▸ **Problem to work on**
In the listing below, find the line with "Камень 8 мм" and the line with "Comprendre les pronoms", then return them and every line between them exactly, minus the pictures.
>>>>>
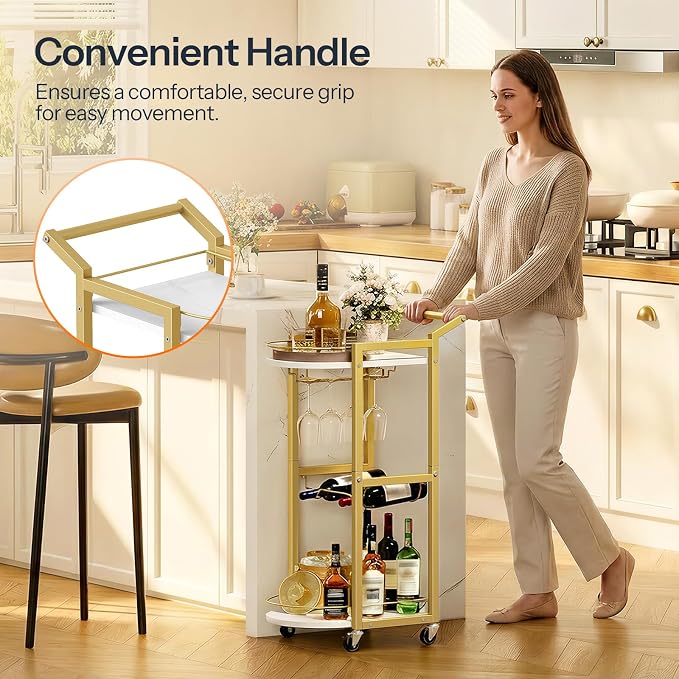 HOOBRO Bar Cart, Bar Cart for The Home, Home Bar Serving Cart on Wheels, Rolling Wine Cart with Wine Rack and Glass Holder, Beverage Cart for Bar, Kitchen, Dining Room, White and Gold DM48TC01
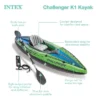 Intex Challenger K1 1 Person Durable Vinyl Streamline Sporty Kayak With Inflatable Seat And Backrest, Oar, Pump, Carrying Bag, And Repair Kit (2 Pack)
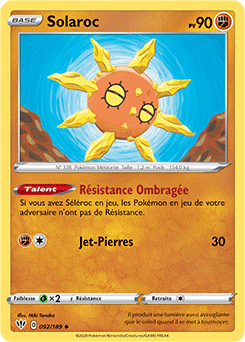 Carte Pokémon Solaroc 92/189 de la série Ténèbres Embrasées en vente au meilleur prix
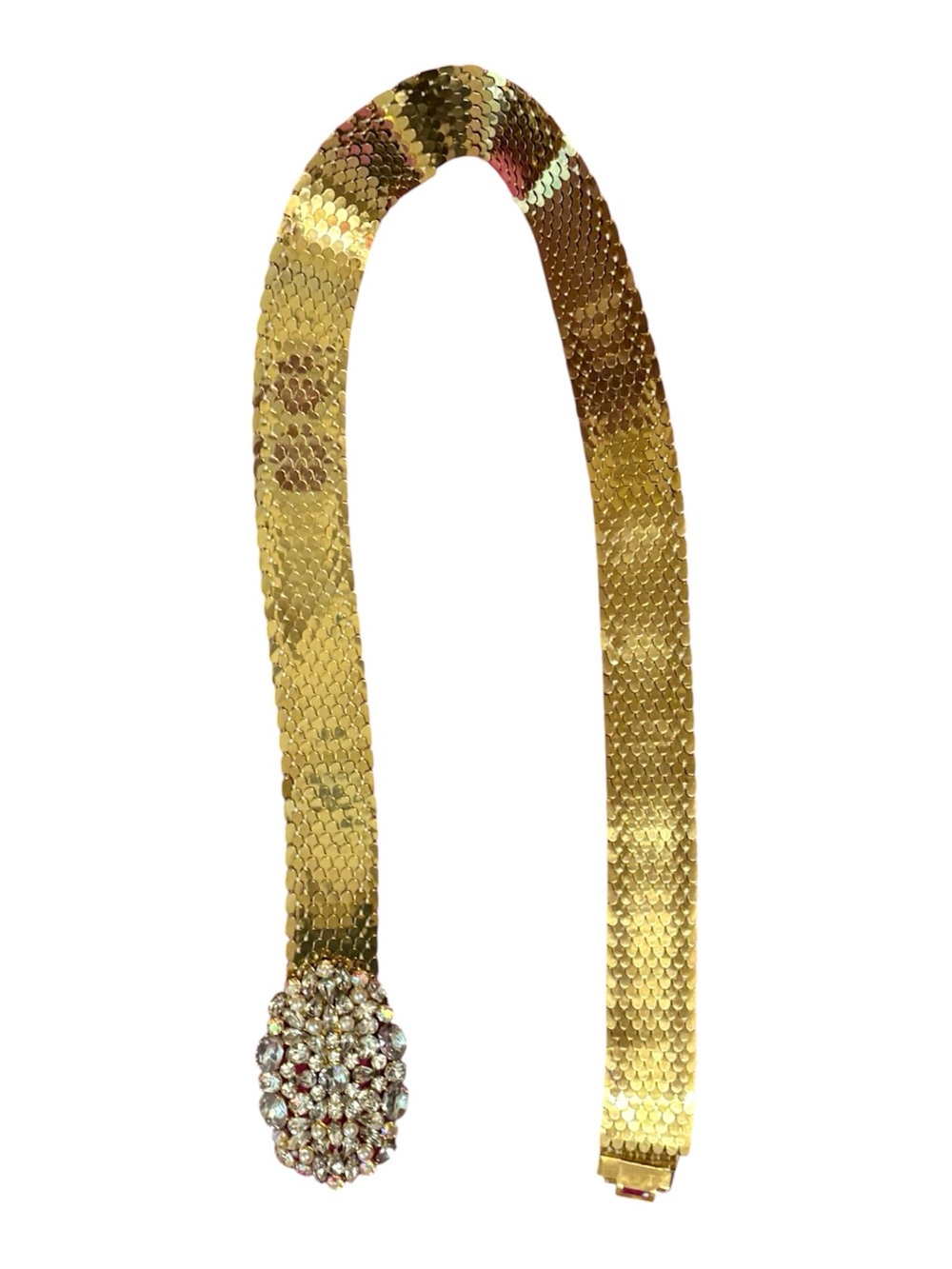 Vintage Gold Sequin Women’s Stretch Belt with Crystal style embedded Buckle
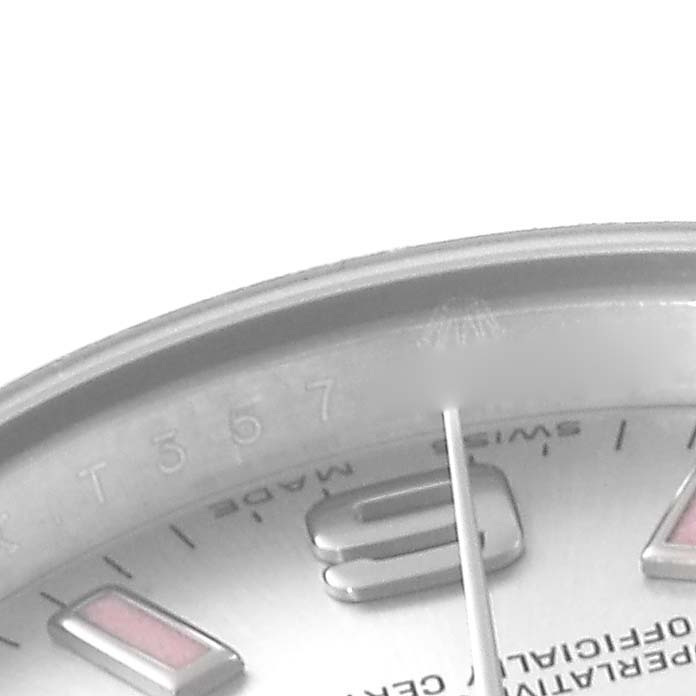 This image shows a close-up of the dial and bezel of a Rolex Oyster Perpetual 176200 Women's Stainless Steel Silver Dial 176200 Women's Stainless Steel Silver Dial watch, viewed from an angled perspective.
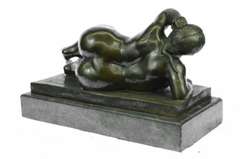 Classic Female Bronze Sculpture on Marble Base Statue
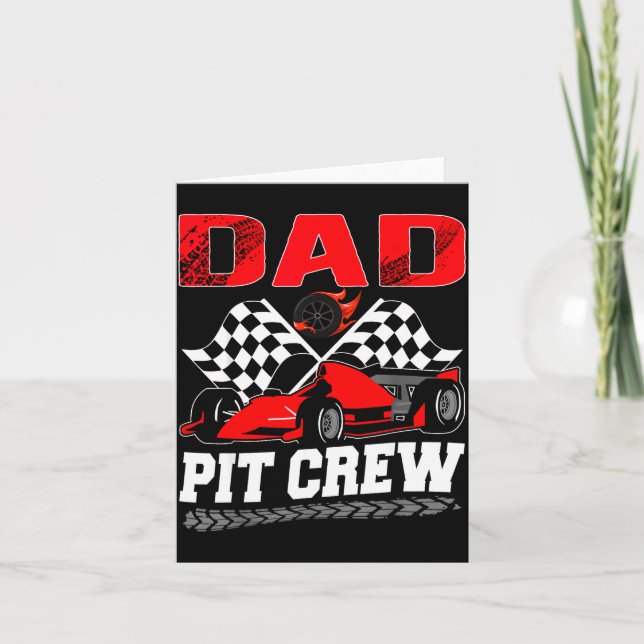 Cartão Dad T Crew Racing Family Race Car Birthday Boy  (Frente)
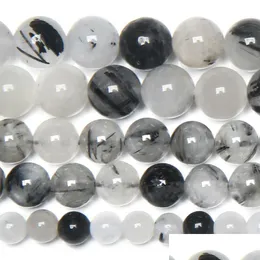 Камень 8 мм натуральный гладкий черный рутилированные кристаллы кварца свободные бусинки 15 Strand 4 6 8 10 12 мм размер выбора для выбросов ювелирных изделий Dealive dhedx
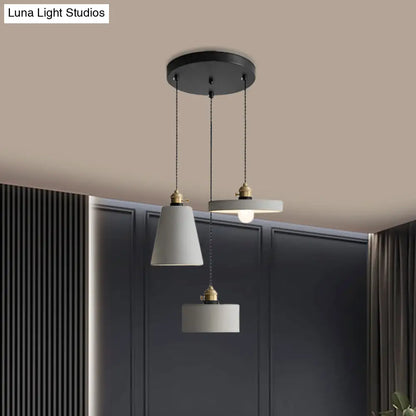 Cement Industrial Geometric Pendant Lamp - Grey, 3 Lights, Round Canopy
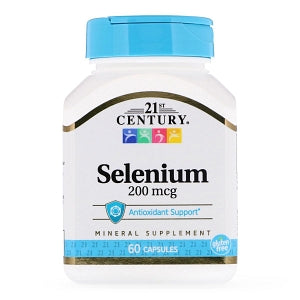 21ST Century Healthcare, Inc. Selenium Tablets - Selenium Caplet, 200 mcg, 60/Bottle - 7-40985-21154-0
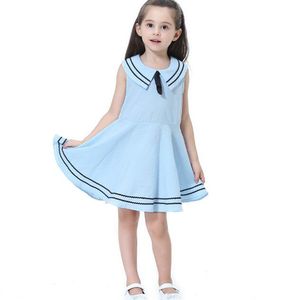 Ropa de boutique para niñas de calidad Princesa de algodón Estilo azul marino Vestidos con lazo Falda para niñas Traje de niña Ropa de fiesta para niños 5 colores XZT049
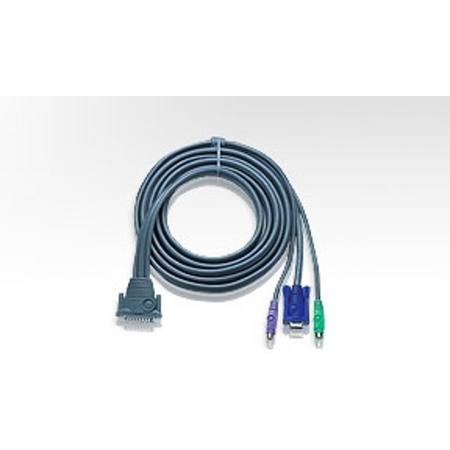 Aten 2L1601P 1.8m Grijs toetsenbord-video-muis (kvm) kabel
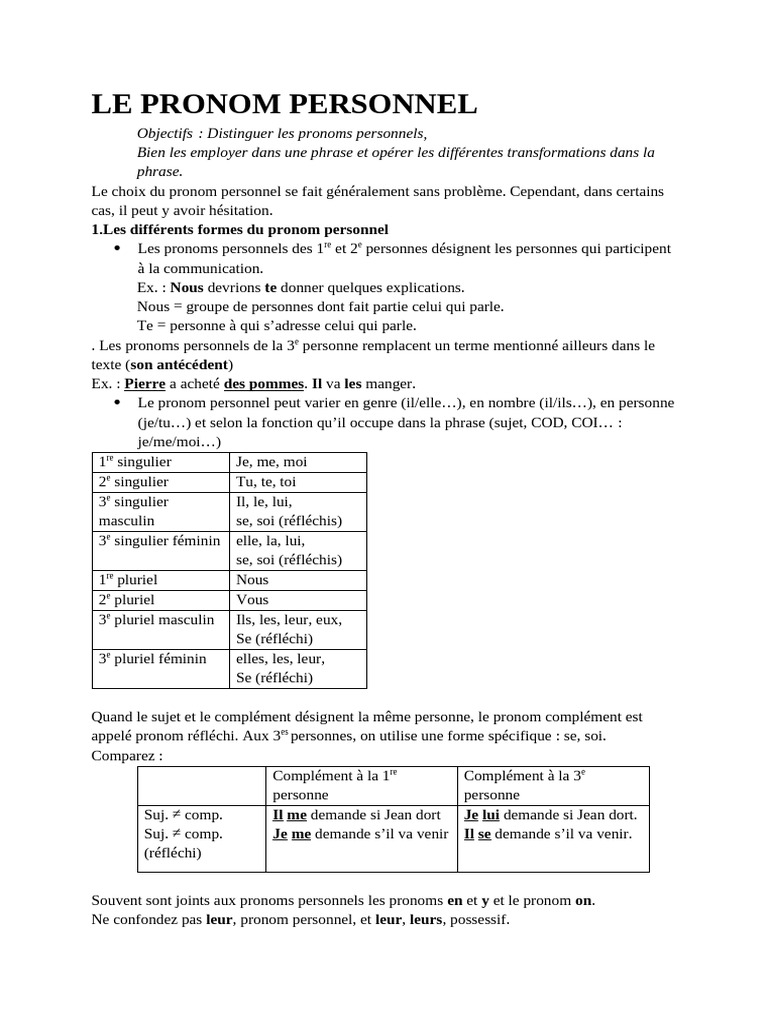 Comprendre les pronoms personnels | PDF | Pronom | Nombre grammatical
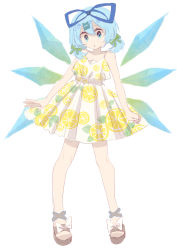 Rule 34 | 1girl, :o, absurdres, alternate costume, alternate footwear, alternate hairstyle, ankle lace-up, aqua eyes, bad id, bad pixiv id, bare arms, bare shoulders, blue bow, blue eyes, blue hair, blue hairband, blue wings, bow, brown footwear, cirno, clenched hand, collarbone, contemporary, cross-laced footwear, detached wings, dress, food print, footwear bow, full body, gradient wings, green bow, hair between eyes, hair bow, hair ornament, hairband, hairclip, head tilt, highres, legs apart, lemon print, looking at viewer, low twintails, multicolored wings, open hand, parted lips, pleated dress, print dress, sandals, shocho (shaojiujiu), short dress, short hair, short twintails, simple background, sleeveless, sleeveless dress, solo, spaghetti strap, standing, sundress, touhou, twintails, white background, white bow, white dress, wings, wrist extended, x hair ornament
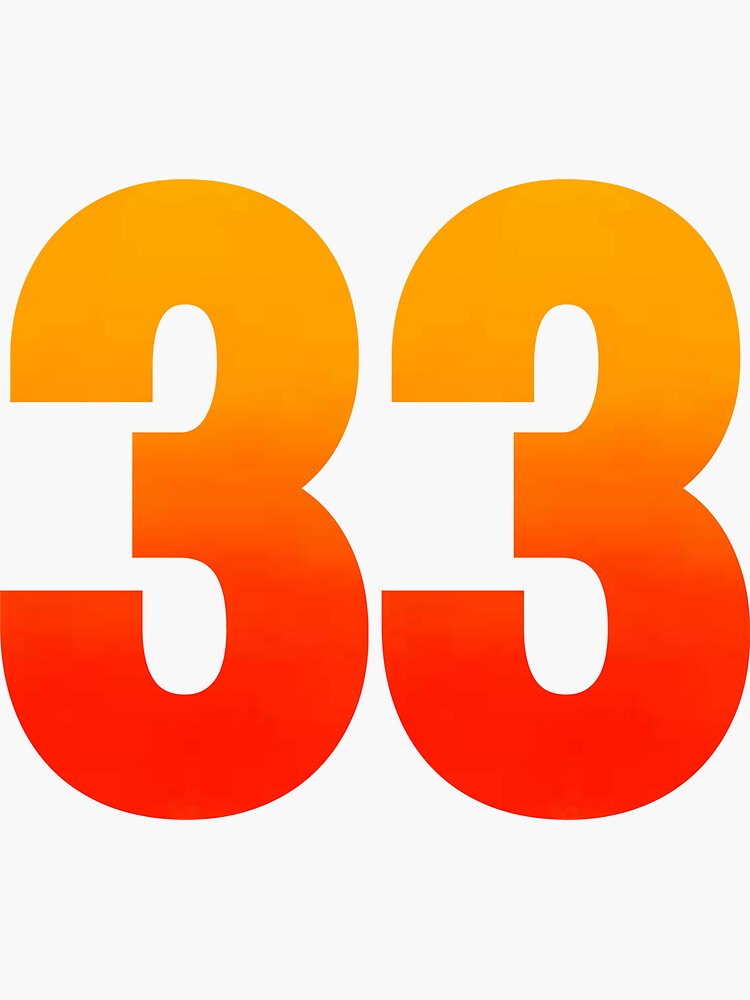 "General Sport Number 33 Thirtythree" Sticker for Sale by agraenitapai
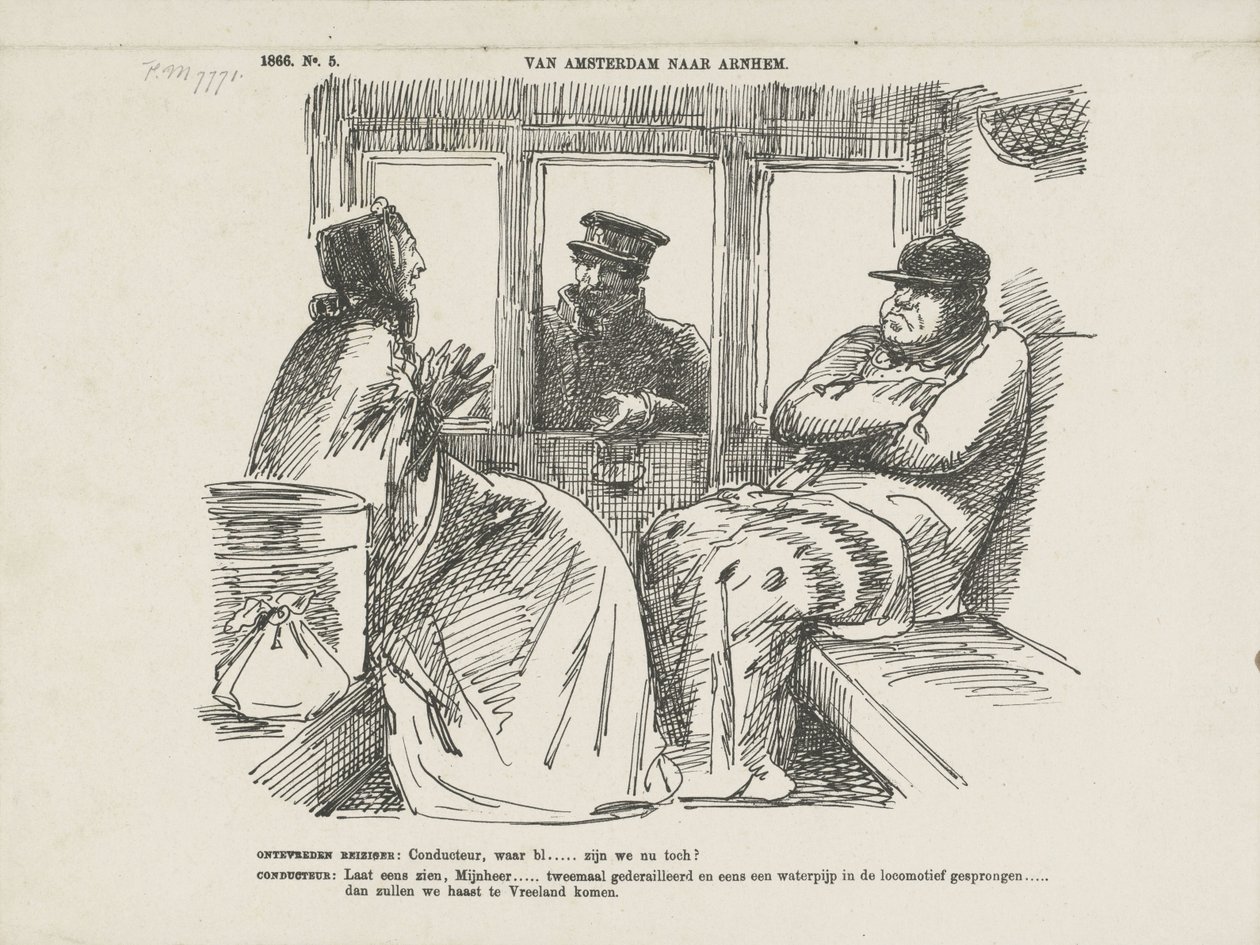 Caricature des nombreux accidents sur la ligne de chemin de fer du Rhin, 1866 (D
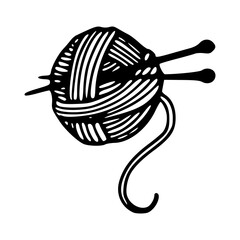 yarn ball and knitting needles craft hobby outline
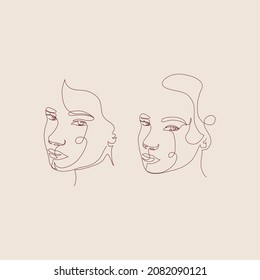 One Continuous Line Hand Drawing Two Faces. Minimalism Trendy Style. Abstract Portrait. Love. Couple. Vector Design For Cards For Valentine's Day, Wedding Invitation, Tattoo.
<<<<<
▸ **Result below**
 Камень 8 мм натуральный гладкий черный рутилированные кристаллы кварца свободные бусинки 15 Strand 4 6 8 10 12 мм размер выбора для выбросов ювелирных изделий Dealive dhedx
 Cement Industrial Geometric Pendant Lamp - Grey, 3 Lights, Round Canopy
 21ST Century Healthcare, Inc. Selenium Tablets - Selenium Caplet, 200 mcg, 60/Bottle - 7-40985-21154-0
 Ropa de boutique para niñas de calidad Princesa de algodón Estilo azul marino Vestidos con lazo Falda para niñas Traje de niña Ropa de fiesta para niños 5 colores XZT049
 Aten 2L1601P 1.8m Grijs toetsenbord-video-muis (kvm) kabel
 Comprendre les pronoms personnels | PDF | Pronom | Nombre grammatical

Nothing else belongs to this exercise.